Aklını kullanmasını bilen kimse, nice örneklerini gördüğü bu olayı bizzat yaşamadan önce hayatına bir çeki düzen verir. Nefsine esir olmaktan kurtulmaya bakar. İstek ve arzularını frenlemeye çalışır.
- “Ey iman edenler! Mallarınız ve çocuklarınız sizi Allah’ı anmaktan alıkoymasın. Kim bunu yaparsa, işte onlar ziyana uğrayanlardır.
Herhangi birinize ölüm gelip de: ‘Rabbim, ne olur, ölümümü biraz geciktirsen de, sadaka verip iyilik edenlerden olsam!’ demeden önce, size verdiğimiz rızıktan harcayın.
Allah eceli gelen bir kimseyi geri bırakmaz. Allah bütün yaptıklarınızdan haberdârdır.” (Münâfikûn sûresi (63), 9-11)
Dünyada insanı en fazla malı ve çocukları meşgul eder. Doyma bilmeyen nefis aza kanaat etmez, daha fazla kazanmak ister. Dünya hayatının meyvası olan çocuklarını daha rahat yaşatmak ve onları kimseye muhtaç etmemek için didinip durur. Aslında mal kazanmak, çocuk sahibi olmak ve onları kimseye muhtaç etmemek kötü bir şey değildir. Zira zengin olmayı, çoluğa çocuğa karışmayı dinimiz tavsiye eder. Kötü olan, ölçüyü kaçırmak, çok kazanma hırsıyla, çocuklarını rahat yaşatma arzusuyla ibadetlerini ihmâl etmek, malım mülküm azalır düşüncesiyle Allah’ın emrettiği harcamaları yapmamaktır. Bu duruma düşenler, dünya hayatını boşa geçirmiş, neticede zarar etmiş olurlar.

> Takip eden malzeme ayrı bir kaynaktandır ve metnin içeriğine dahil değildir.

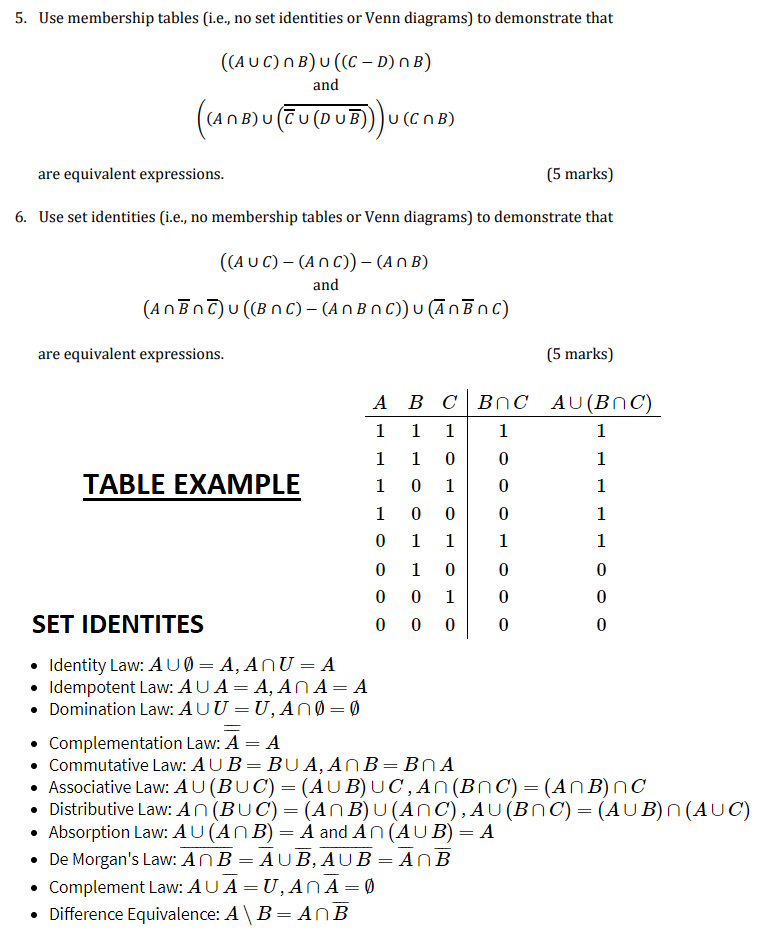 Solved 5. Use Membership Tables (i.e., No Set Identities Or | Chegg.com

Çeşitli zaafları sebebiyle görevlerini ihmâl eden insanoğlu, ölüm gelip çatınca aklı başına gelir. Yapamadığı görevleri hatırlar. İhmâli yüzünden kaybedeceği sonsuz bir hayatı ve hesapsız nimetleri düşünerek pişmanlık duyar. Yeniden hayata dönmeyi, biraz daha yaşayıp yapamadığı ibadetleri yapmayı, açıklarını kapamayı arzu eder. Fakat ilâhî kanun gereği bu şans hiç kimseye verilmez.
Gerçek bu olduğuna göre, hiçbir zevk ve menfaat insana Allah’ı ve O’nun rızâsını kazandıracak olan dinî ve insânî görevlerini unutturmamalıdır.

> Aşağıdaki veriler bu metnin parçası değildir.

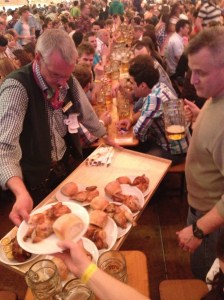 The chicken: You tell your waiter (who is surprisingly good) how many you want, give him the token you received when you checked in and he brings you your food. No condiments, no extras. And you will be happy with what you got!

- “Nihayet o müşriklerden birine ölüm gelip çatınca:
Rabbim, der. Ne olur beni dünyaya geri gönder. Ömrümü boşa geçirdiğim dünyada iyi işler yapayım.
Hayır, hayır. Onun bu söyledikleri boş lâftan ibarettir. Tekrar dirilecekleri güne kadar onların önlerinde bir engel vardır, geri dönemezler.
Sûra üflendiği zaman artık aralarında soy sop ilişkisi kalmaz. Birbirlerinin hâlini de sormazlar.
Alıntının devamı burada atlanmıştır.